Quello che mi inorridisce, al di là di tutto, è l’ondata di finto buonismo che ormai da anni aleggia su questo mondo. La reazione dell’olandese a fine gara, il nervosismo di Vettel sulla pesa, l’idiota dato a Magnussen da Leclerc a Suzuka e via discorrendo sono il sale della competizione, l’espressione della tensione, la sincerità fatta pilota nel momento del gesto atletico. Vogliamo stigmatizzare tutto questo? Vogliamo davvero che invece che uno spintone assolutamente comprensibile ci sia una conferenza stampa congiunta in cui i due si danno dello stupidino e si stringono la mano da buoni amici? A che pro? Per insegnare ai bambini messi in fila come soldatini davanti alla griglia di partenza (invece delle ombrelline, sessisti!) che il motorsport è bello, gli avversari in realtà sono amici fraterni ed il mondo è bello e felice? Per favore, ma chi vogliamo prendere per il culo? Davvero vogliamo dare questa immagine falsa e stucchevole del mondo delle corse? 

Se la popolarità della Formula 1 è andata calando negli anni è colpa, oltre ai regolamenti tecnici che l’hanno affossata, anche della depersonalizzazione progressiva dei piloti, diventati dei pappagalli durante le sempre identiche conferenze stampa.
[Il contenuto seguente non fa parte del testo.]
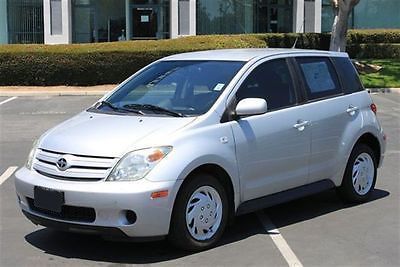 2005 scion xa base hatchback 5-door 1.5l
Soldatini (anche loro) costretti a parlare circondati da sessantasei microfoni e, soprattutto, limitati dall’ufficio stampa anche se, magari, qualcosa di più vorrebbero dire per non sembrare tutti uno la copia dell’altro. Quando poi capitano episodi come quelli di questo weekend subito a puntare il dito, punire, stigmatizzare. Guai a minare l’immagine della Formula 1 con una parolaccia che viene subito bippata nei team radio, guai ad uscire da un recinto imposto dalle ferree regole del bon ton e del Politically Correct. 

Sapete che c’è? Che voi ed il vostro bon ton avete rotto le palle. Lasciate che i piloti, se li ritenete tali e non avvocati in giacca e cravatta, si prendano le loro responsabilità. Lasciate che si scannino in pista, lasciate che si prendano a sportellate se necessario e che se le promettano l’un l’altro. Soprattutto, e questa è la cosa più importante, imparate a penalizzarli quando esagerano e fatelo sempre, non in base al nome ed alla vostra convenienza. Tenete il polso della situazione e lasciateli liberi. Perché di venti fighette non interessa a nessuno se non a quattro uffici stampa che così non hanno da lavorare troppo alla fine del weekend.

Altrimenti dite chiaro e tondo che questo è un campionato di buone maniere, comminate squalifiche a chi sfancula i commissari e fregatevene se il Sirotkin di turno quasi finisce in ospedale. Sono certo che di questo passo, nei prossimi anni, avrete sempre più consensi. Da parte di quelli falsi come voi, evidentemente.